- **Record excerpts**

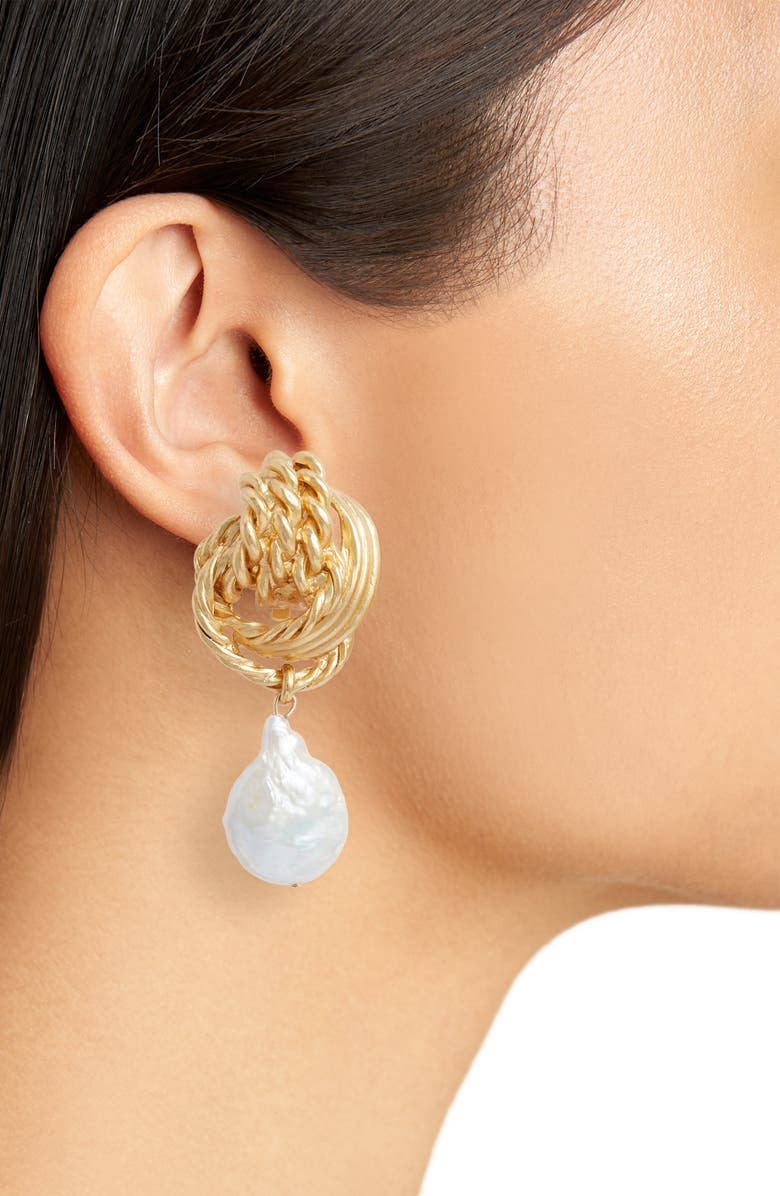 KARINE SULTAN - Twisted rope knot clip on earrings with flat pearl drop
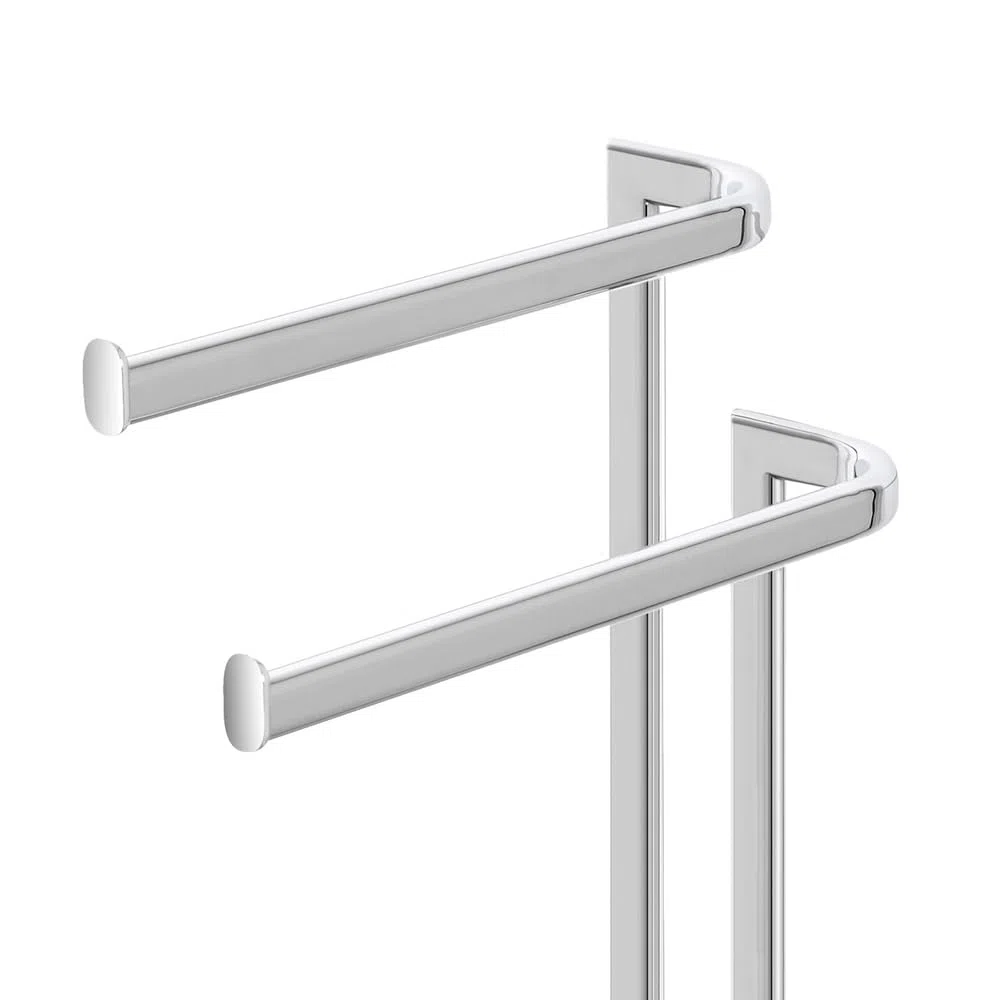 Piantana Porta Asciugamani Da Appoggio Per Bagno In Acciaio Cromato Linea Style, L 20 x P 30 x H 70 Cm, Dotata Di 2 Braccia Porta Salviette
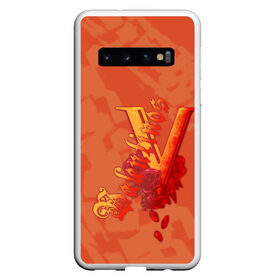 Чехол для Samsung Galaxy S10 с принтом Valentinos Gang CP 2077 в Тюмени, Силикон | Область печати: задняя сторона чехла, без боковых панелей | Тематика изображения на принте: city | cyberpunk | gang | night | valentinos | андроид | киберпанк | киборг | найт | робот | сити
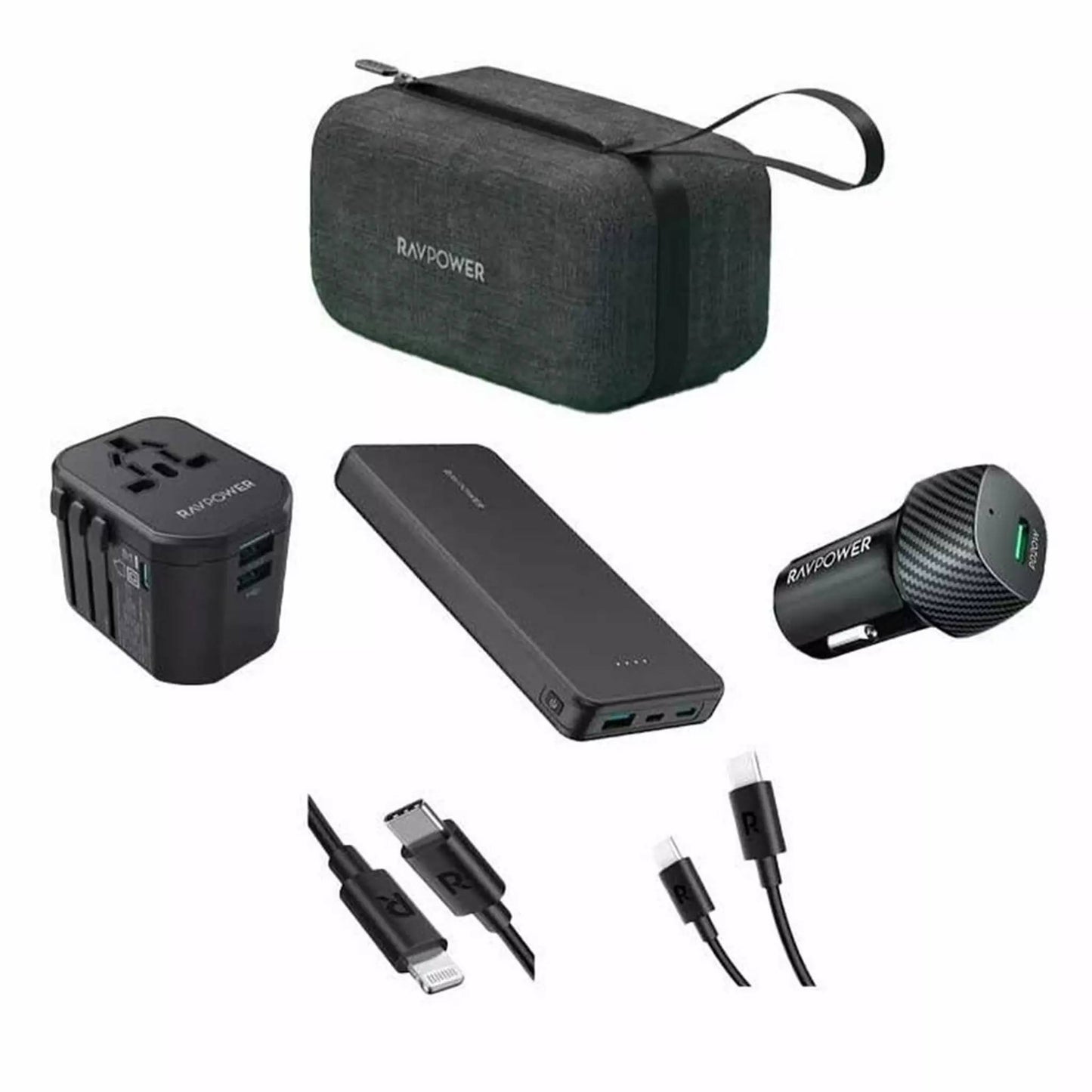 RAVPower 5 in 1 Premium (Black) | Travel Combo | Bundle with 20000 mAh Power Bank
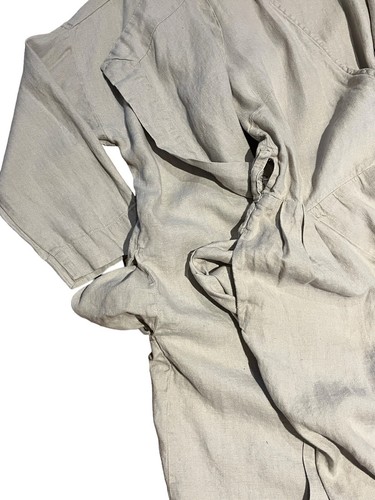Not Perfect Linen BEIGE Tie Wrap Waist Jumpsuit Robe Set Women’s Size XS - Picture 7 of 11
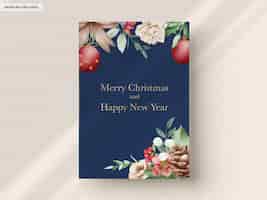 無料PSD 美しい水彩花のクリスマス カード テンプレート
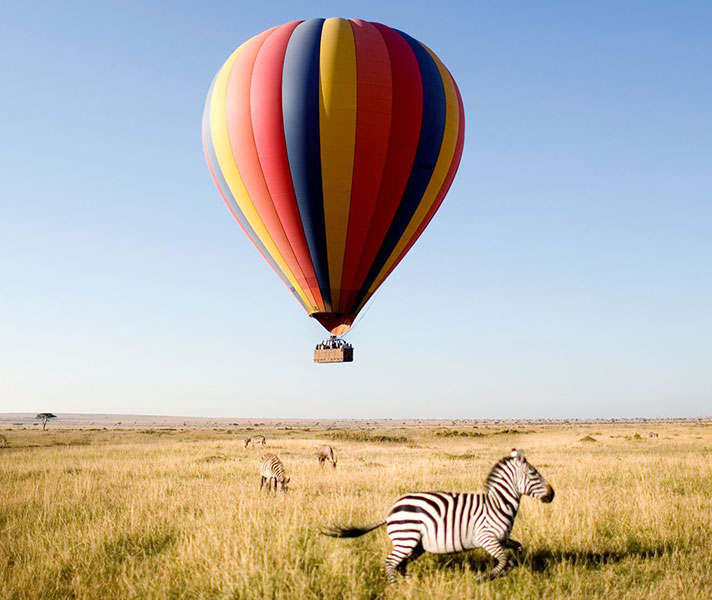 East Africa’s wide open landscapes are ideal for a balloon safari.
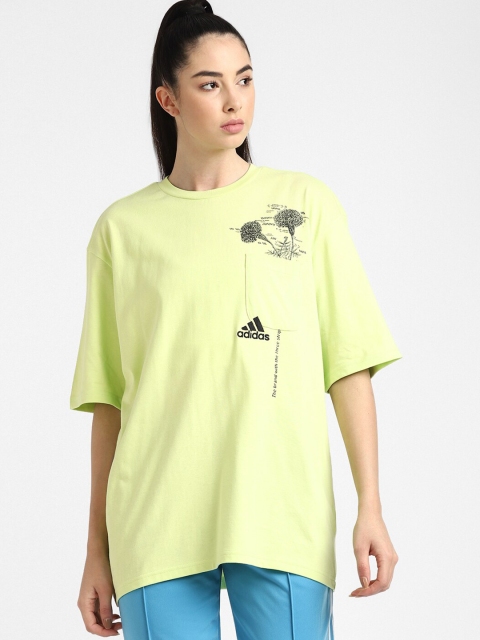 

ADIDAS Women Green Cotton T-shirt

...

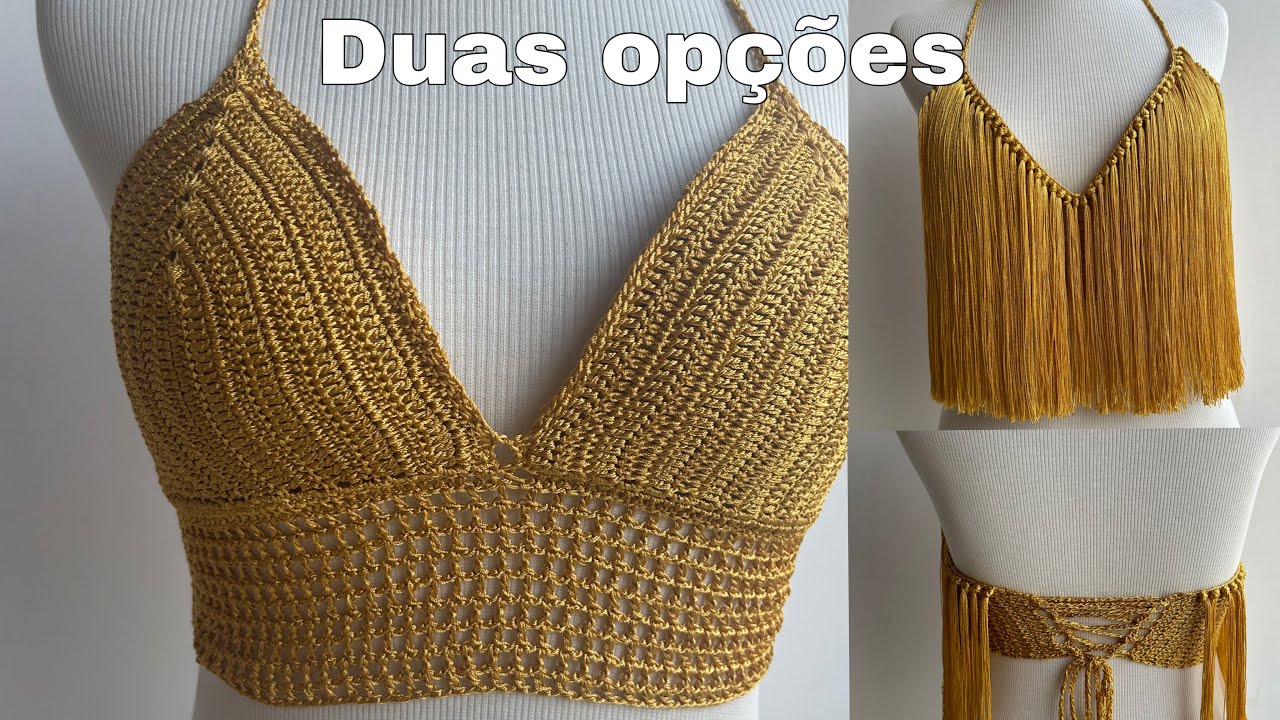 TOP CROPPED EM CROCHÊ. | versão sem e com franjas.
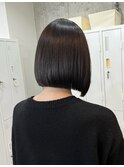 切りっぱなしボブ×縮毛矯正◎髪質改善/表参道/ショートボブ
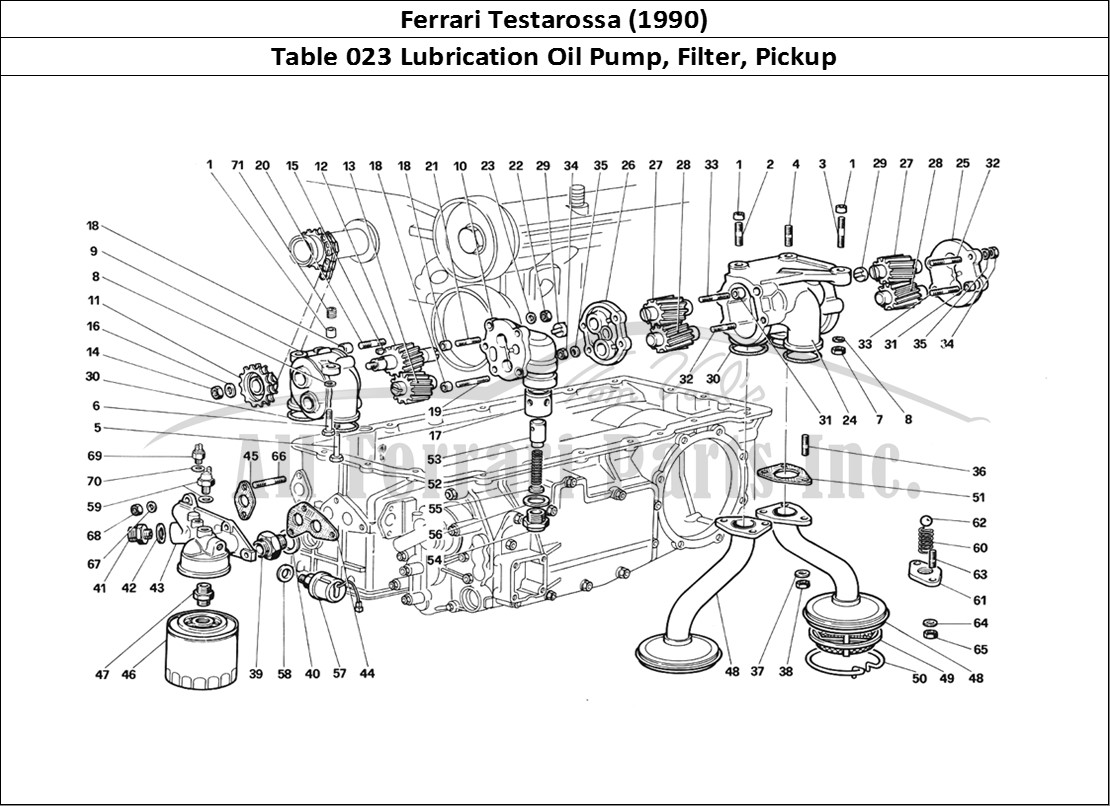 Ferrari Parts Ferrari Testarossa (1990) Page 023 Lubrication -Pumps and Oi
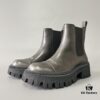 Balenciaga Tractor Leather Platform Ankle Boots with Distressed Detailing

==

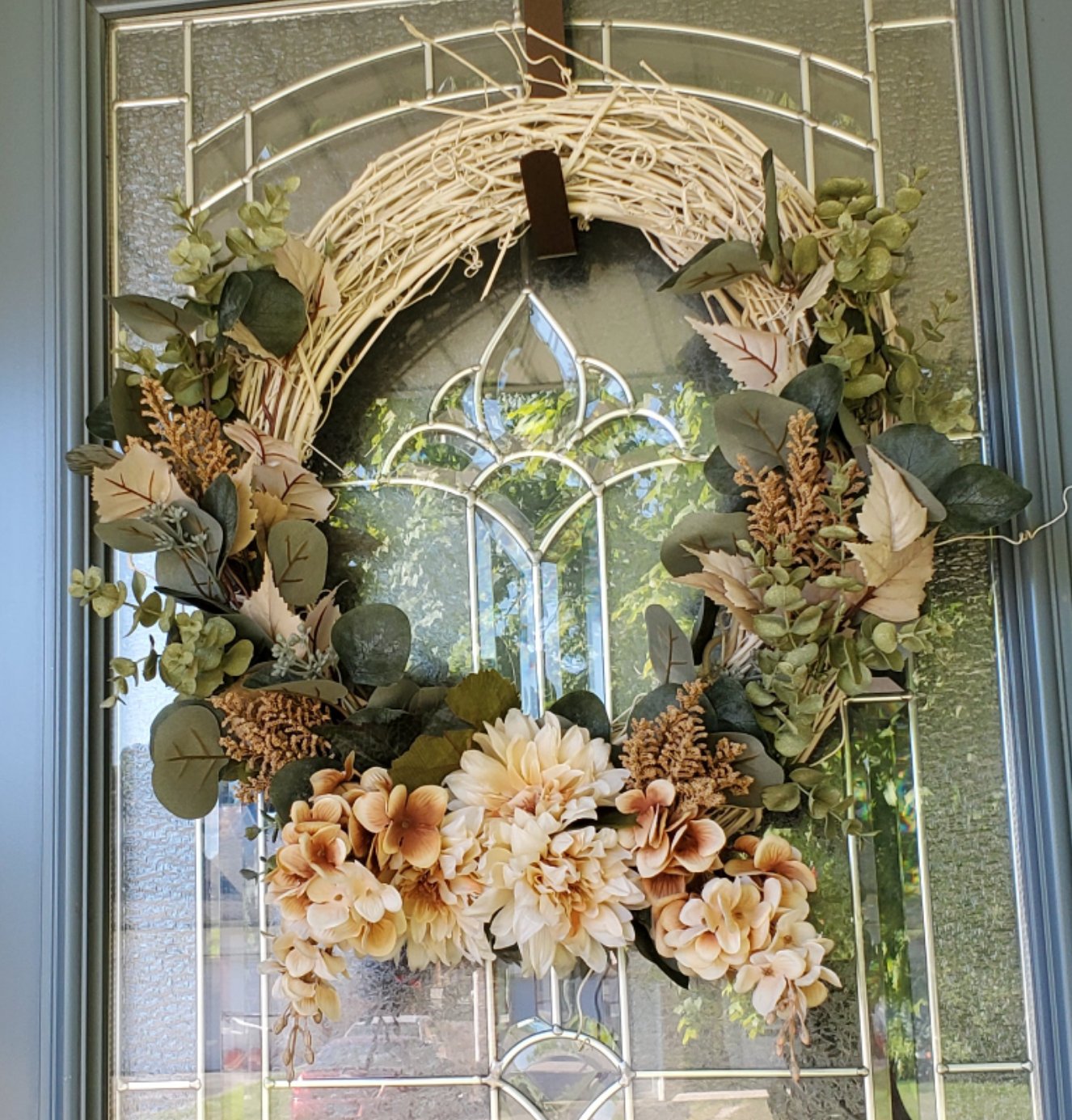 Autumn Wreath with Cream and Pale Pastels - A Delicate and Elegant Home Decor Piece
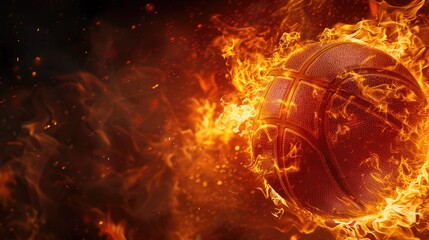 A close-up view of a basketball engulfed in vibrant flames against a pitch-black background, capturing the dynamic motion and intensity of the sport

- **Work instruction**
Repeat exactly the lines above, from the line that contains "Autumn Wreath with" down through the line that contains "A close-up view". Include both of those lines and none of the pictures.

- **Response to the exercise**
 Autumn Wreath with Cream and Pale Pastels - A Delicate and Elegant Home Decor Piece
 A close-up view of a basketball engulfed in vibrant flames against a pitch-black background, capturing the dynamic motion and intensity of the sport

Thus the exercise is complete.